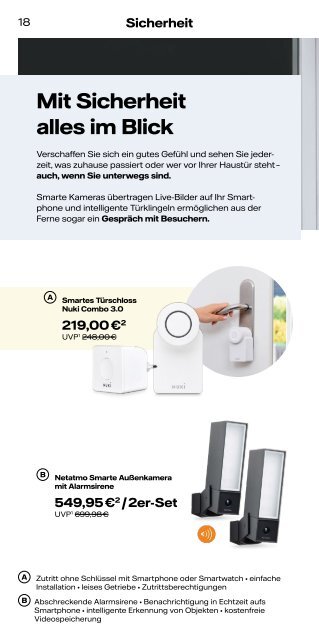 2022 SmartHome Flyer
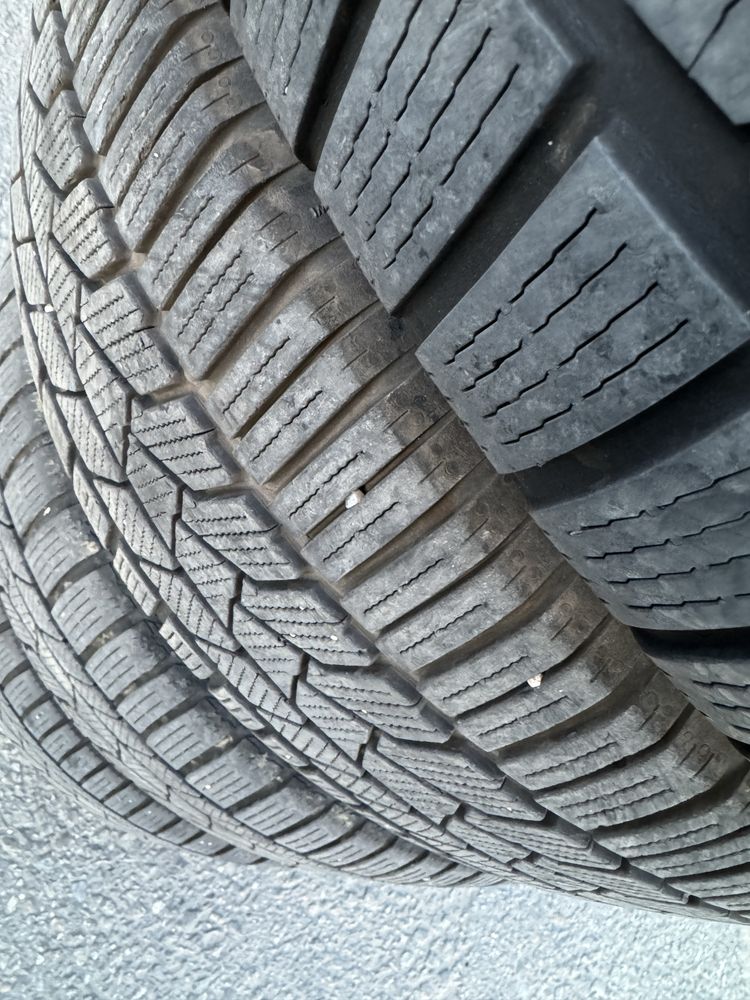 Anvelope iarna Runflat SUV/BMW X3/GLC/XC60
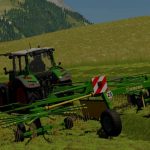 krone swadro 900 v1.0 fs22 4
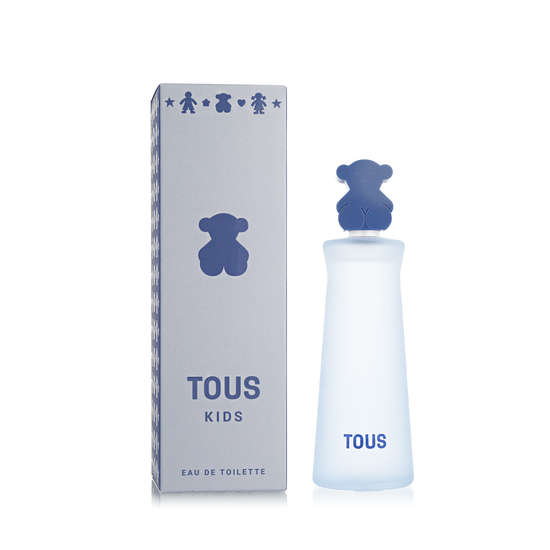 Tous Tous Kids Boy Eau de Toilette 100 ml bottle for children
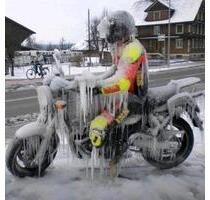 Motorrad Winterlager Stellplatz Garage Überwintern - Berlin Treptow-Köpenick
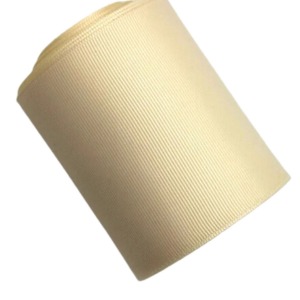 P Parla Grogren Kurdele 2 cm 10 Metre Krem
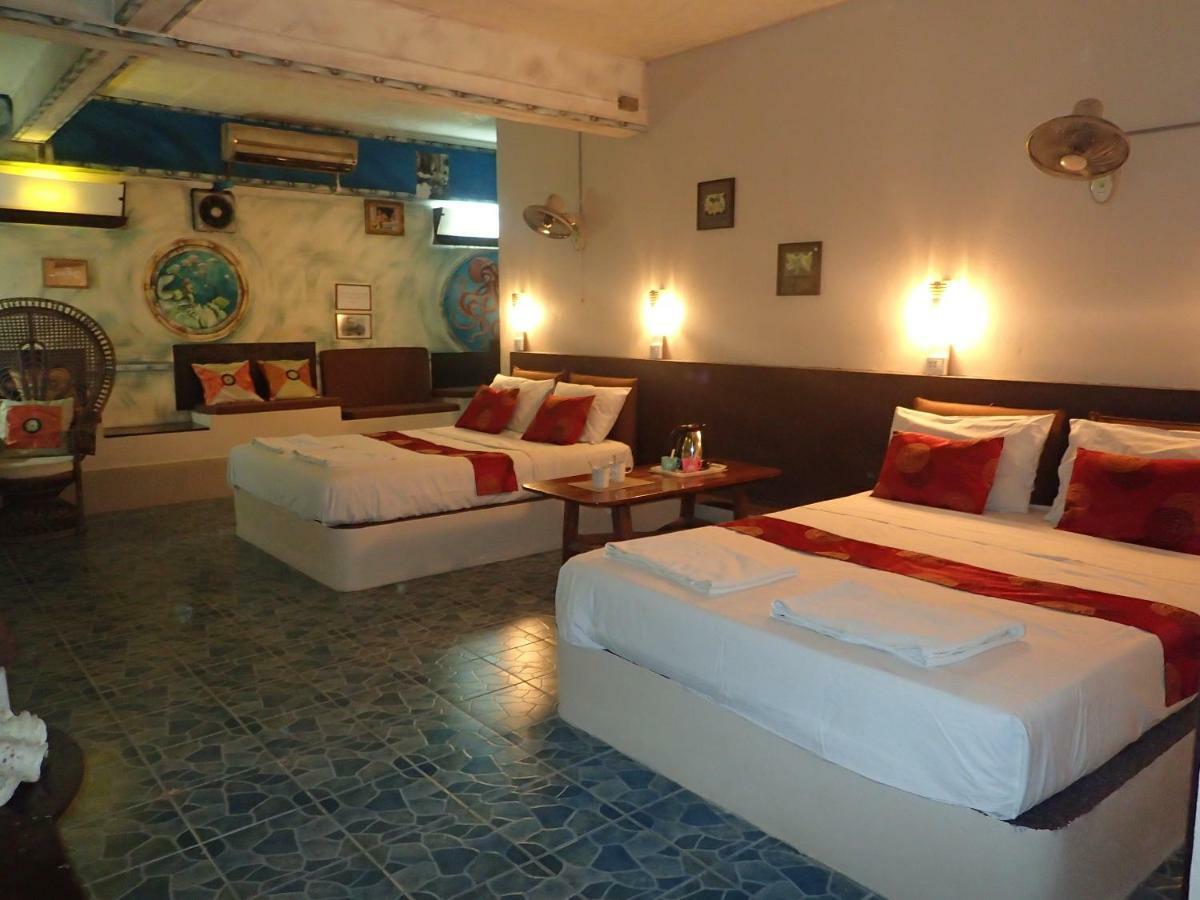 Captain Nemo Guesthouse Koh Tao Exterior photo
*-*-*
What is being asked :: Above are the records; return them exactly, minus the pictures.

Solution to this exercise ::
 2022 SmartHome Flyer
 Anvelope iarna Runflat SUV/BMW X3/GLC/XC60
 krone swadro 900 v1.0 fs22 4
 Tous Tous Kids Boy Eau de Toilette 100 ml bottle for children
 Motorrad Winterlager Stellplatz Garage Überwintern - Berlin Treptow-Köpenick
 P Parla Grogren Kurdele 2 cm 10 Metre Krem
 Captain Nemo Guesthouse Koh Tao Exterior photo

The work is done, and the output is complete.